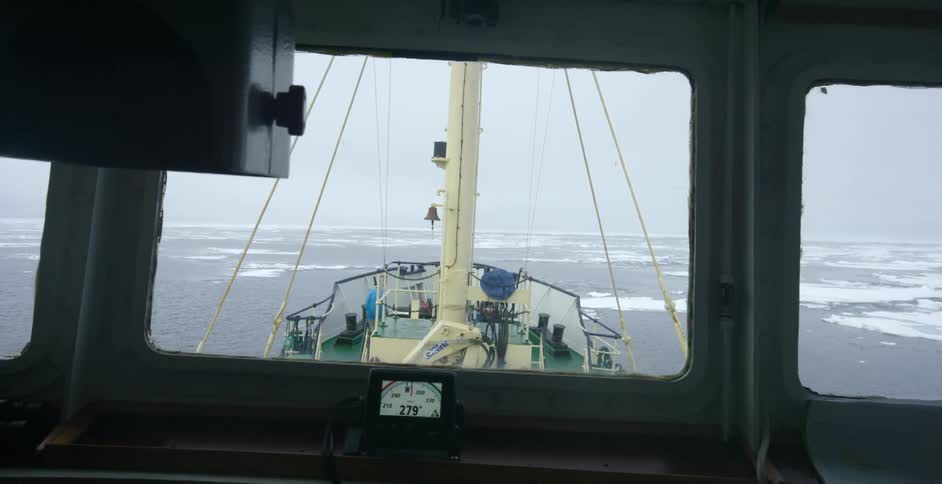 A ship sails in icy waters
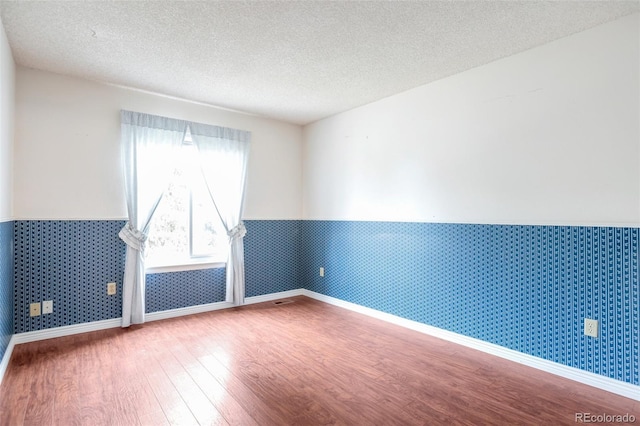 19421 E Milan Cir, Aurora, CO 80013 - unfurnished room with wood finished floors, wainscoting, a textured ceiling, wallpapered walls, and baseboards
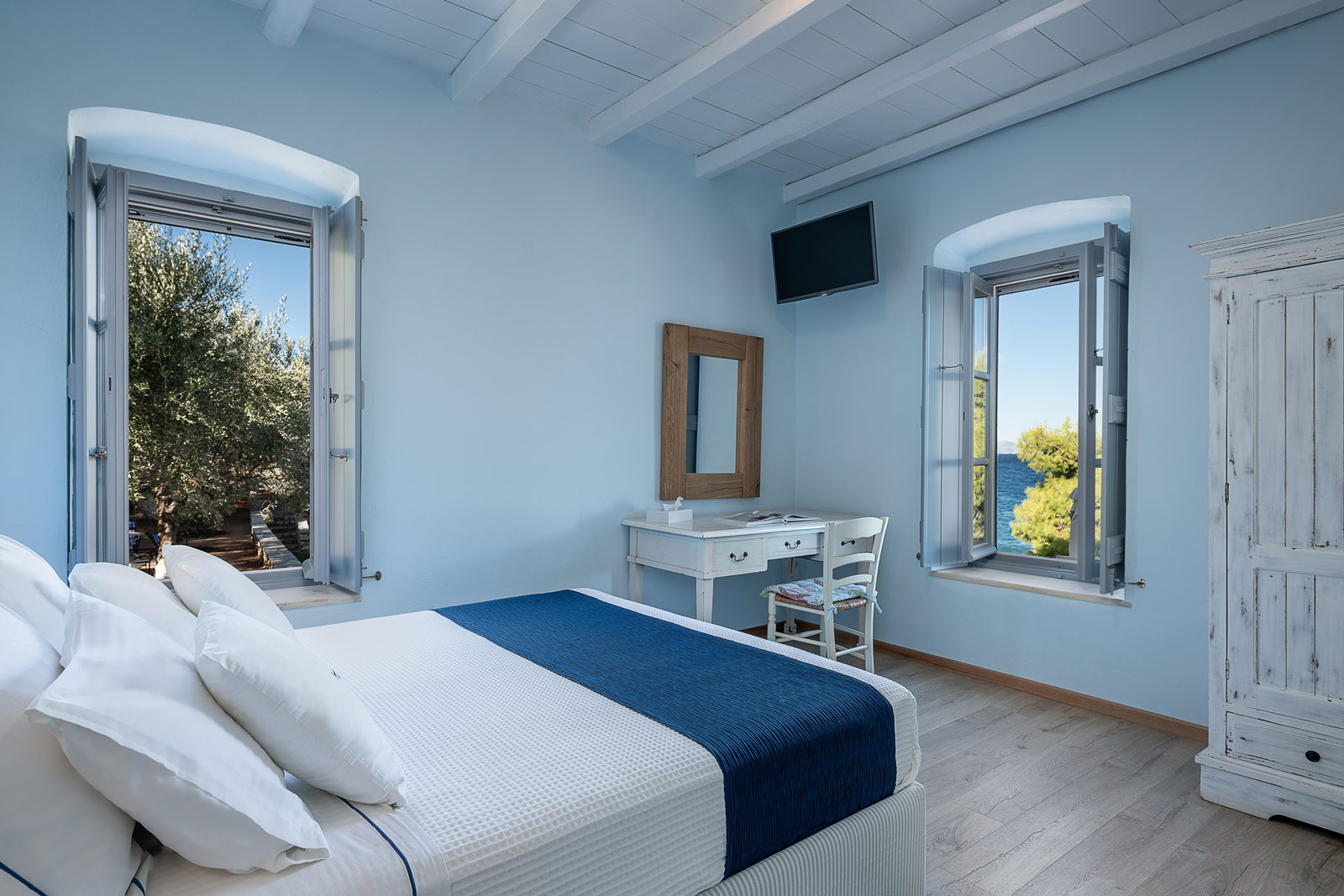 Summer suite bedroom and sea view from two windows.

--

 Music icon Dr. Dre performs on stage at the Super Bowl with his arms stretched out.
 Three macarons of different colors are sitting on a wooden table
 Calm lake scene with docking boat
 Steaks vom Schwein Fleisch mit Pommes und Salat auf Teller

* * *

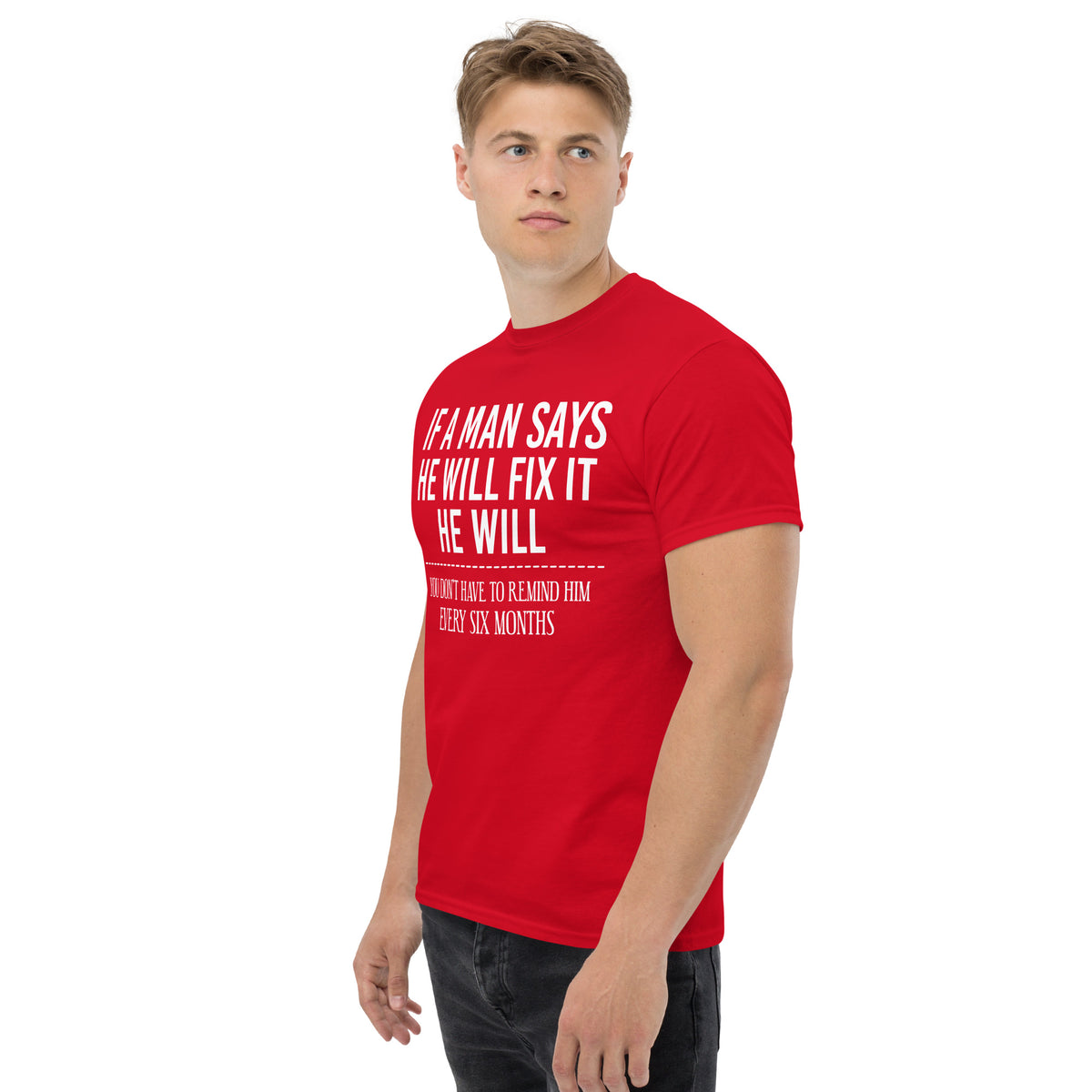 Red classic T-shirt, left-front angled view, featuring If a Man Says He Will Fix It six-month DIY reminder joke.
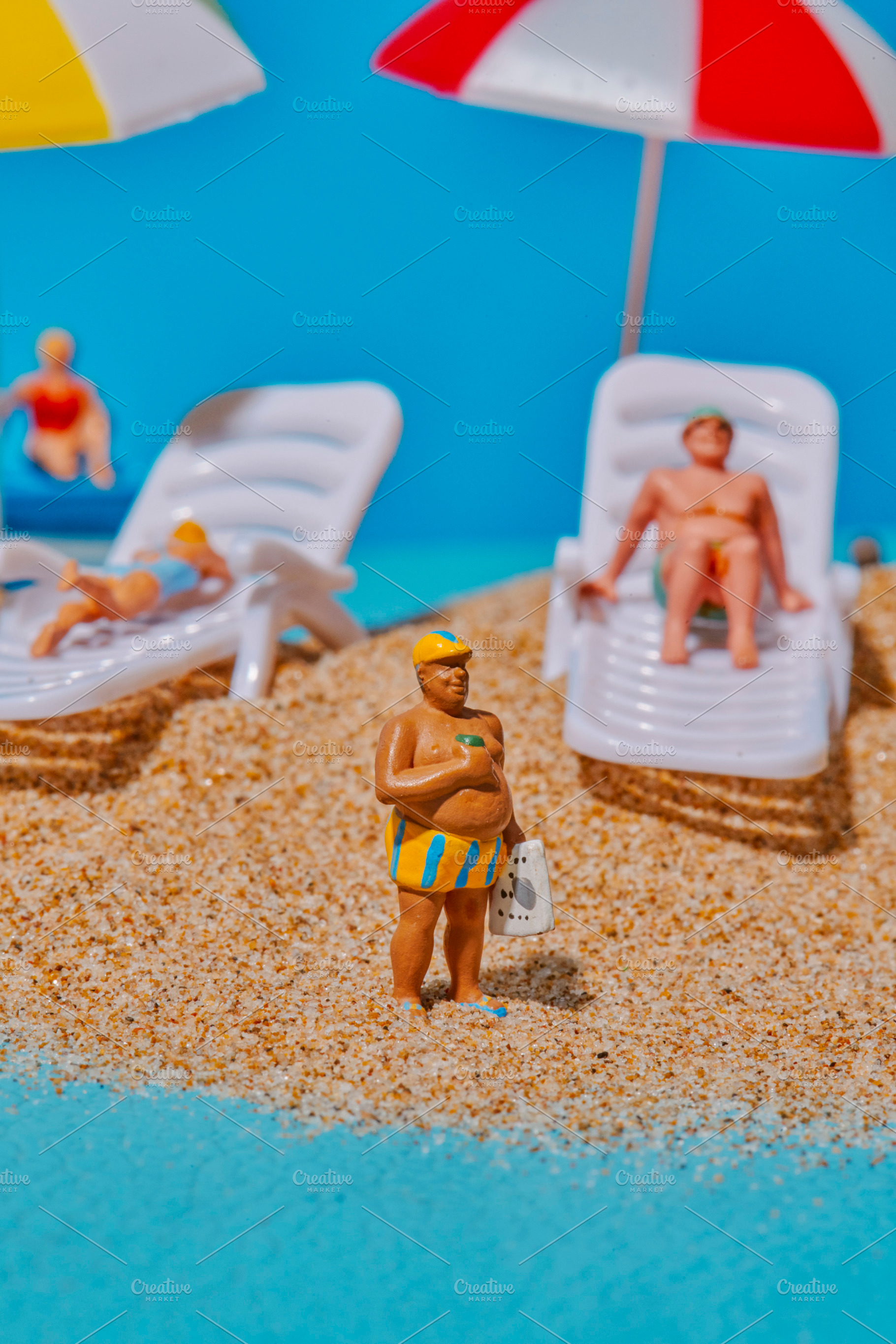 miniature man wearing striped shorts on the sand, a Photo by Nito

What is required ->
Reproduce exactly the stretch of the material above that starts at the line with "Calm lake scene with docking boat" and ends at the line with "Steaks vom Schwein", both included, and nothing else.

Exercise answer ->
 Calm lake scene with docking boat
 Steaks vom Schwein Fleisch mit Pommes und Salat auf Teller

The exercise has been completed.